## Exercise description
In the records below, the line with "D-198 5 in 1" opens the range and the line with "Soft and Cozy" closes it; print that range exactly and nothing else.

## Information supplied
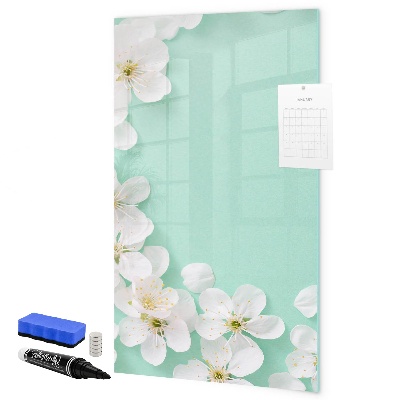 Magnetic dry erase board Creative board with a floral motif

* * *

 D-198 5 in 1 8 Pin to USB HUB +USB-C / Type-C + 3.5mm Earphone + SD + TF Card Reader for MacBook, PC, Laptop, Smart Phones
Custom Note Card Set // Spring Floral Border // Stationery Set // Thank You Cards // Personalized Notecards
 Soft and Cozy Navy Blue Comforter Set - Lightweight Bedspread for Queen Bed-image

## Response to this exercise
 D-198 5 in 1 8 Pin to USB HUB +USB-C / Type-C + 3.5mm Earphone + SD + TF Card Reader for MacBook, PC, Laptop, Smart Phones
Custom Note Card Set // Spring Floral Border // Stationery Set // Thank You Cards // Personalized Notecards
 Soft and Cozy Navy Blue Comforter Set - Lightweight Bedspread for Queen Bed-image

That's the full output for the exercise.